LFC 01.02.17 at 10:19 pm

Speaking of eminent academics who have died recently, now that it’s January and my monthly quota of free WaPo articles starts up again, I can read H. Farrell’s Dec. 13 Monkey Cage piece on Thomas Schelling, which I’ve just bookmarked. Unless I’ve missed something (which is possible), no one at Crooked Timber — neither front-page poster nor commenter — has mentioned Schelling’s death, whether to praise, criticize, or do neither.

6

Chet Murthy 01.02.17 at 10:24 pm

As someone who read _Reasons and Persons_ in college lo! these many decades, I got the (respectful) joke instantly. Indeed, he -isn’t- dead, for he lives on in the many minds he touched thru his writing (and other works, I’m sure).

7

Peter T 01.02.17 at 11:11 pm

The Elder Edda: ” I know one thing that never dies: the dead man’s reputation”. So Genghis Khan lives on….

8

MrMister 01.03.17 at 2:19 am

I read Reasons and Persons the summer after my first year of graduate school, and was thoroughly taken with it. Let us hope that Parfit actually does live on in others, though perhaps in his earlier and more militantly reductionist phase he would have rejected the cogency of any such fact of the matter. But regardless of whether I carry his ghost forward, I’d be happy just to have a bit of his qualitative traits: originality, systematicity, breadth.

A glass to him.

9

ZM 01.03.17 at 7:38 am

Mavaddat Javid,

“A less than reverent or respectful obituary if you ask me. The “died (physically)” joke makes it seem like you thought he was already dead in a non-physical way.”
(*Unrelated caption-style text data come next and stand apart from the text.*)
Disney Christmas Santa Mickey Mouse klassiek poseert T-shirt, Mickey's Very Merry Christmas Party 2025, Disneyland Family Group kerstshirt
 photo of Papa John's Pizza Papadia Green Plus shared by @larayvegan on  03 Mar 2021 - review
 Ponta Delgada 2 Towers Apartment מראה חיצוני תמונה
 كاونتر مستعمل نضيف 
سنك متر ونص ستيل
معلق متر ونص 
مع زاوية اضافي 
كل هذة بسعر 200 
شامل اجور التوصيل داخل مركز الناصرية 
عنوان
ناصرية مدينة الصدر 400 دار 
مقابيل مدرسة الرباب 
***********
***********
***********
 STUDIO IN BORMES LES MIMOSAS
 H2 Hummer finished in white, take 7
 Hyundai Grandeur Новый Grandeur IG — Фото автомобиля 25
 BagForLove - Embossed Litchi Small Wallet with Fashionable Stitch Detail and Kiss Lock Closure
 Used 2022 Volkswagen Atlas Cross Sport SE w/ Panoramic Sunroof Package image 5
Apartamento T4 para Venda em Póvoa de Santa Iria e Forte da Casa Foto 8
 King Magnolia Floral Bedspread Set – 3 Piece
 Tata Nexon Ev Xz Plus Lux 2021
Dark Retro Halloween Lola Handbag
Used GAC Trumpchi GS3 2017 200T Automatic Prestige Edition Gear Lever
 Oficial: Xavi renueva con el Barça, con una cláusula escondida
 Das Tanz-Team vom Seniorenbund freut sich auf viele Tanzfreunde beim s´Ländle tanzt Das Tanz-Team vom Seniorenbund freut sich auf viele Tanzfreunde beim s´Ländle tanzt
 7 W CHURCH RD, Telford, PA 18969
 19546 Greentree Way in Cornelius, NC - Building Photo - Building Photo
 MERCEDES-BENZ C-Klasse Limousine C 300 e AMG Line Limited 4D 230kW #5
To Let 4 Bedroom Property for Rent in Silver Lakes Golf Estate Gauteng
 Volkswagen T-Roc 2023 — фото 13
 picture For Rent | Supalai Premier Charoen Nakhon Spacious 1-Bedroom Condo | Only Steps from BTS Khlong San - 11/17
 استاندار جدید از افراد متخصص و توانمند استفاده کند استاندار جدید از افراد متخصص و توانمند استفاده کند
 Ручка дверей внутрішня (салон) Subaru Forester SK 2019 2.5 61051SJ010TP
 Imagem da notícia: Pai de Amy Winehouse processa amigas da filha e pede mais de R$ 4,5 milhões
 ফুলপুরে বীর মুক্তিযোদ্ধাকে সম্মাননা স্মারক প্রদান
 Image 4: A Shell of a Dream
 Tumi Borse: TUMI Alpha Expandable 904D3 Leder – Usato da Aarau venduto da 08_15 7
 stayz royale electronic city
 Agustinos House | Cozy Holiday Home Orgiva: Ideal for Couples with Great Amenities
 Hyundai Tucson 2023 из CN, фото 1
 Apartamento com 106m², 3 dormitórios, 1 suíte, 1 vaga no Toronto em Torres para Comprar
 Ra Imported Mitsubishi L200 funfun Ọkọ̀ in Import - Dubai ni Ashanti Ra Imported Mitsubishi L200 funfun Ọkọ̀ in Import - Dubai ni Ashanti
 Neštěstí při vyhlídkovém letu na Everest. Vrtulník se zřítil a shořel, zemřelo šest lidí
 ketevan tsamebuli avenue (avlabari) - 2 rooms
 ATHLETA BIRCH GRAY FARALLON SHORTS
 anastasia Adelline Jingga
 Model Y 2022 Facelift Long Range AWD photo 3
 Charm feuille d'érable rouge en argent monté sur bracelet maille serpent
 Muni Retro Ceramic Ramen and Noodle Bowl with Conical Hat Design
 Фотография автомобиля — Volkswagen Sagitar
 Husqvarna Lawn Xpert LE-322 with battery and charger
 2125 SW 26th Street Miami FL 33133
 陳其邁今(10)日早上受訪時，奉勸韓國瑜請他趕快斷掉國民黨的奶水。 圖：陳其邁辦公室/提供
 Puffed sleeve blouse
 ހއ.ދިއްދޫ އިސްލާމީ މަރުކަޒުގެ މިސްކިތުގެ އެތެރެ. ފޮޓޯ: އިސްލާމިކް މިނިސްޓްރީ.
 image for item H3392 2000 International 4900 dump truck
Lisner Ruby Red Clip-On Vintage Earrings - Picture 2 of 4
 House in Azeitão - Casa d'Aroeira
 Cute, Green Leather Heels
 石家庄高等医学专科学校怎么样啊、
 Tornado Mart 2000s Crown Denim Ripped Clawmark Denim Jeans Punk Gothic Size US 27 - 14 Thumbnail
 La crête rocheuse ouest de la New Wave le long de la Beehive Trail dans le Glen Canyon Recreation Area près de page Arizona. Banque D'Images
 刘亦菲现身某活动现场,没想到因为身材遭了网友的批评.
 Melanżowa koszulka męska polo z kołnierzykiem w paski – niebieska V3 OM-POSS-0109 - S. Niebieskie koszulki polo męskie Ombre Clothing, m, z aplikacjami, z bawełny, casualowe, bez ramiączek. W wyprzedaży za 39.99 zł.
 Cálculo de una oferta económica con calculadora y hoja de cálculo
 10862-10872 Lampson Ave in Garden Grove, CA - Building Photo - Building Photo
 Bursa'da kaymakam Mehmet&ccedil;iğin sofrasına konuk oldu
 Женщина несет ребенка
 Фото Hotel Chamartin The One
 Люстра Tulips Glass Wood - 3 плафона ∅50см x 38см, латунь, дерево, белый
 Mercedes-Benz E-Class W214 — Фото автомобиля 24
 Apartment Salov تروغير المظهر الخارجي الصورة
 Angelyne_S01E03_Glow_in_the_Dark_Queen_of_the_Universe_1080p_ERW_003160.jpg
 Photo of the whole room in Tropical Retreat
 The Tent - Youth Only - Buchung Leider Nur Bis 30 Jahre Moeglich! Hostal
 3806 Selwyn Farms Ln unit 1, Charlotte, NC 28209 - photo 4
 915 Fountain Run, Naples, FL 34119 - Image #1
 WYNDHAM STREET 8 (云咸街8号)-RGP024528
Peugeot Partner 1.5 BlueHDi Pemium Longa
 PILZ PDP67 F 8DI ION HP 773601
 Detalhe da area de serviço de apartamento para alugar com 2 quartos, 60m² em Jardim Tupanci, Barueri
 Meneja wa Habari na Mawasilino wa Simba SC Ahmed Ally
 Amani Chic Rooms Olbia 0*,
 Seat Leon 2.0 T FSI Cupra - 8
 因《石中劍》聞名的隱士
I read it as meaning he was still alive in a non-physical way if that is any consolation to you. (I don’t have any familiarity with his work, so I don’t know if that makes a difference?)

10

Mark Jenkins 01.04.17 at 1:31 pm

Parfit in a lineup of Philosophy PhDs? Only under false pretenses. Refreshingly, Parfit’s highest degree was an MA (Oxford).

11

Maria 01.04.17 at 2:24 pm

Per Chet @6, as someone who just ordered a copy of Reasons and Persons yesterday morning, I, too, got the joke and fancied Parfit might have as well. Nicely done, John.

12

Dave Maier 01.06.17 at 1:32 am

‘If you think the resulting hivemind will still be you, turn to page 347. If not, turn to page 360.’

Brilliant. I got R & P used, and in my copy the first twenty or so pages feature a torrent of underlining, highlighting, and mostly critical marginalia, including at one point a highly sarcastic “Thank You Derek Parfit”. He lives on indeed!